[WHAT YOU HAVE TO DO] The part below that opens with the line containing "猪LXRα基因多态性及其与生长性状的相关性分析" and closes with the line containing "Banyu Homestay بانيووانجى" should be copied exactly, minus any pictures.
::: STORED DATA
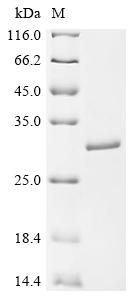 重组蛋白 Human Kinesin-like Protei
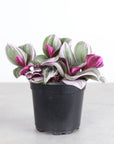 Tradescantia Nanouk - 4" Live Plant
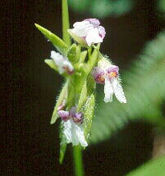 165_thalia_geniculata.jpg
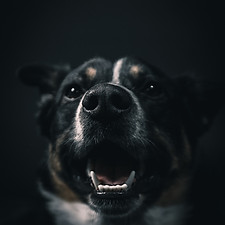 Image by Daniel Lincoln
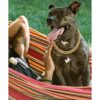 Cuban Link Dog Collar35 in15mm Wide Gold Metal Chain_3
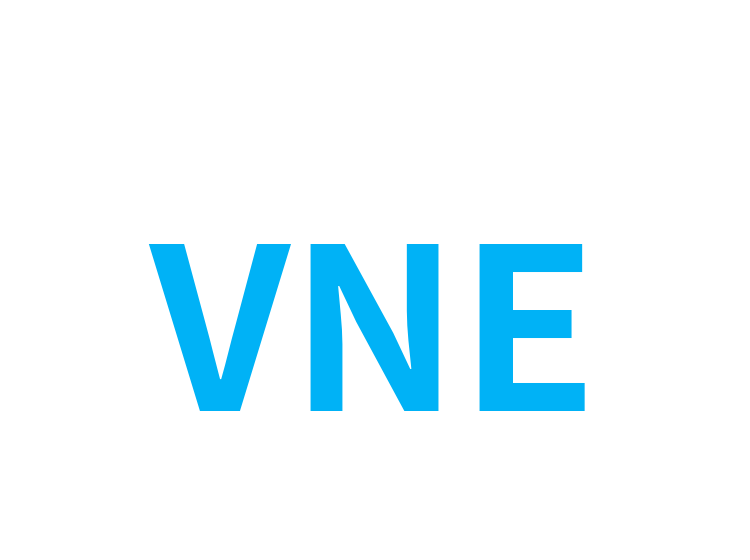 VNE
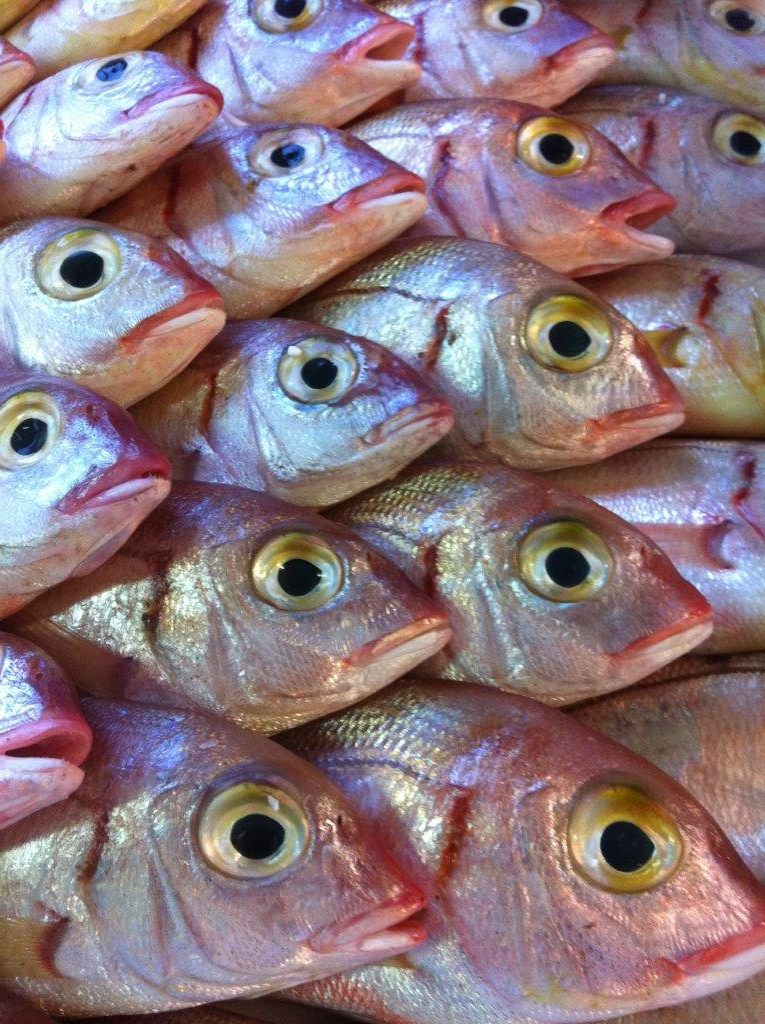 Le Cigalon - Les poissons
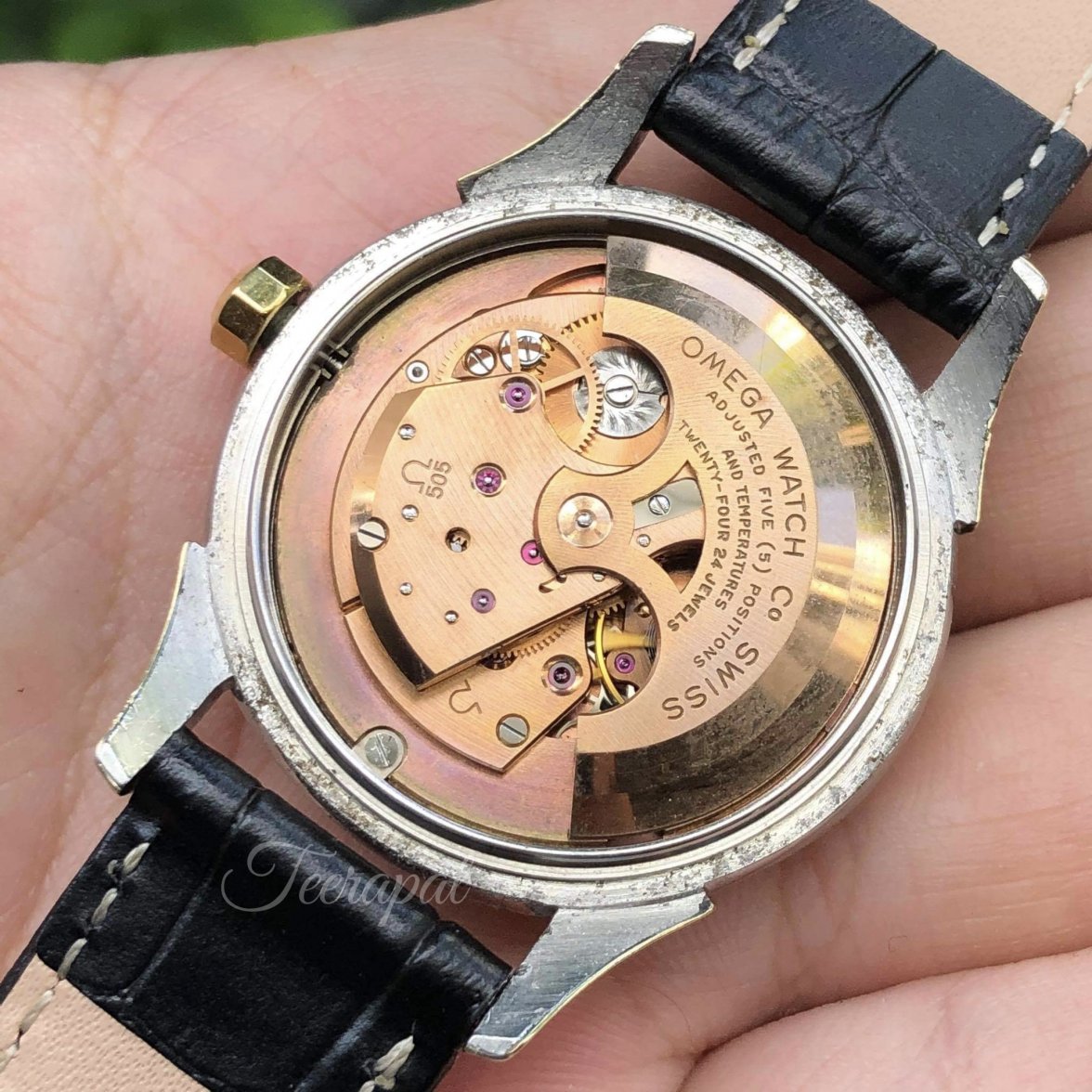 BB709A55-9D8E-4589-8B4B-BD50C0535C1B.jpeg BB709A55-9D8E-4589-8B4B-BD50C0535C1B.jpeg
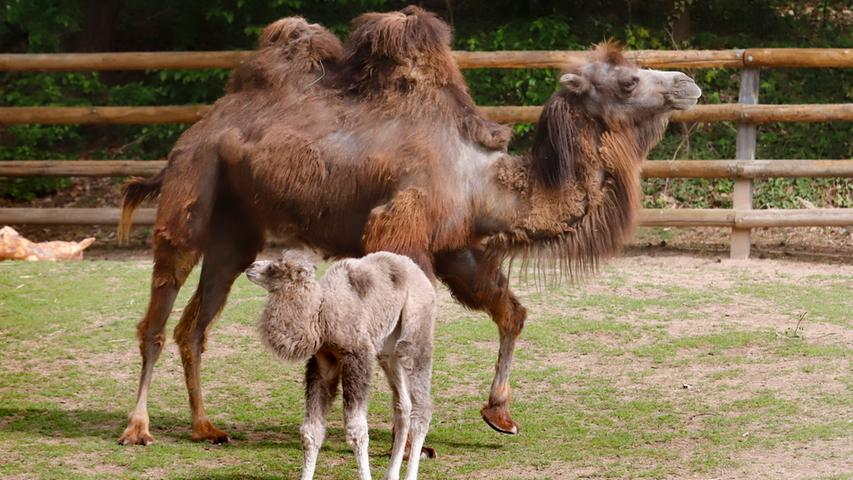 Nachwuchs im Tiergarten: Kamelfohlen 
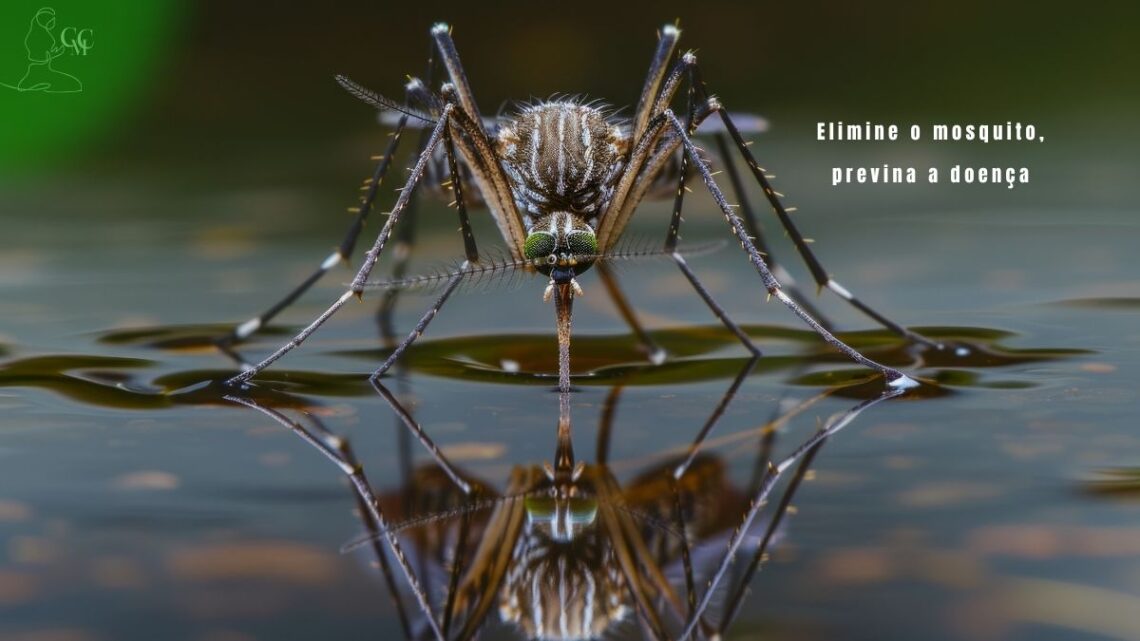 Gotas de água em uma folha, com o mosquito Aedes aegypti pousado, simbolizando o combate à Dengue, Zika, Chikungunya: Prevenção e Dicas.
::::::
::: STORED DATA
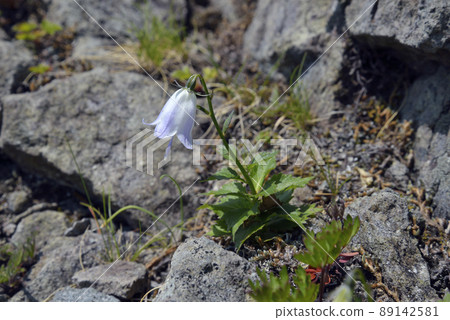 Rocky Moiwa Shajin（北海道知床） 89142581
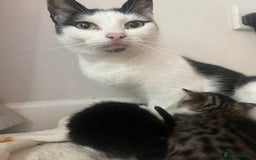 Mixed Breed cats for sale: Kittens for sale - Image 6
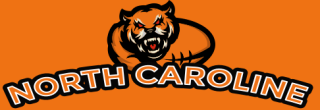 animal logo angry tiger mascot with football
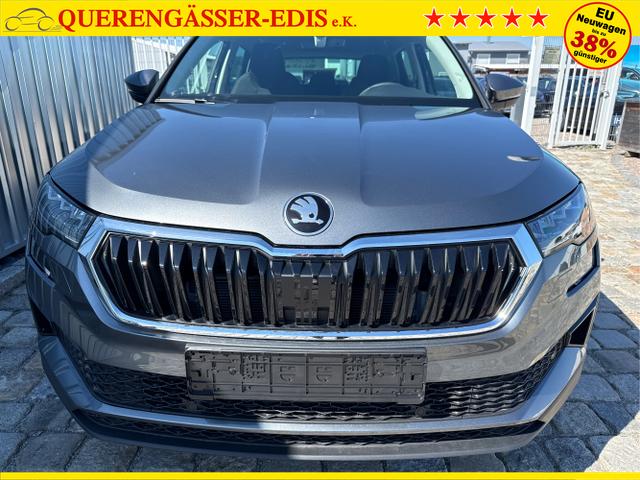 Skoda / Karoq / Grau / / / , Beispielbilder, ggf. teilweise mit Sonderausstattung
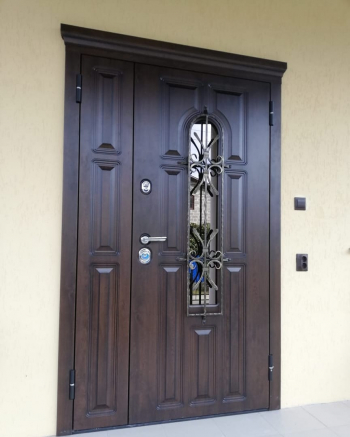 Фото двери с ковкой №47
::::::
::: STORED DATA
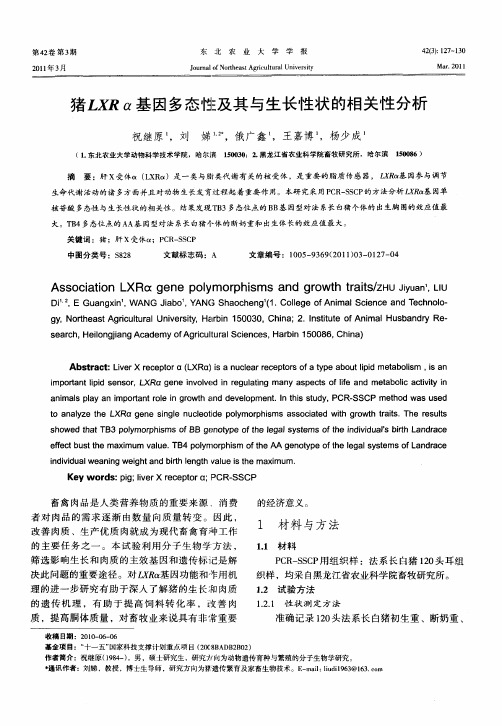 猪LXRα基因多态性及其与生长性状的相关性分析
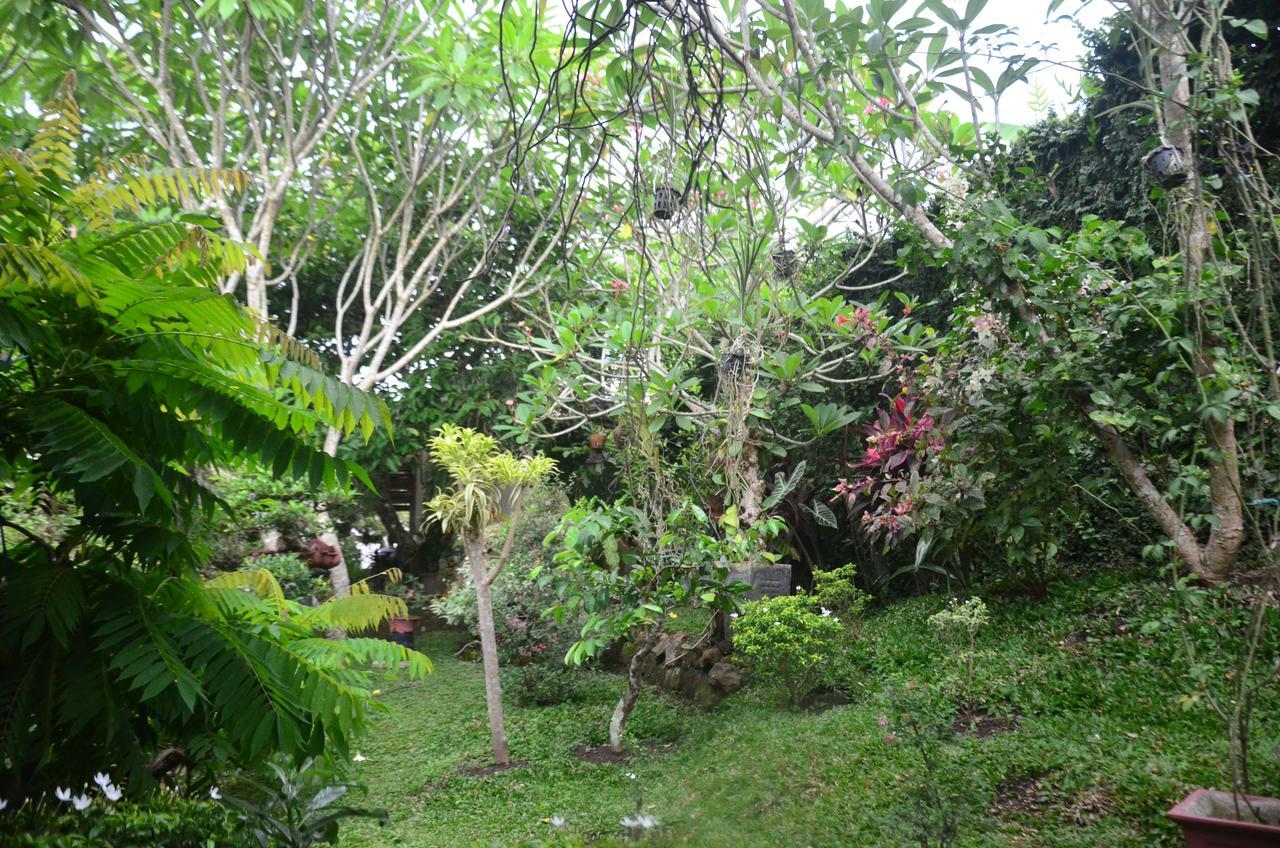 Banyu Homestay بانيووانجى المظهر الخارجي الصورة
::::::
[TASK RESULT]
 猪LXRα基因多态性及其与生长性状的相关性分析
 Banyu Homestay بانيووانجى المظهر الخارجي الصورة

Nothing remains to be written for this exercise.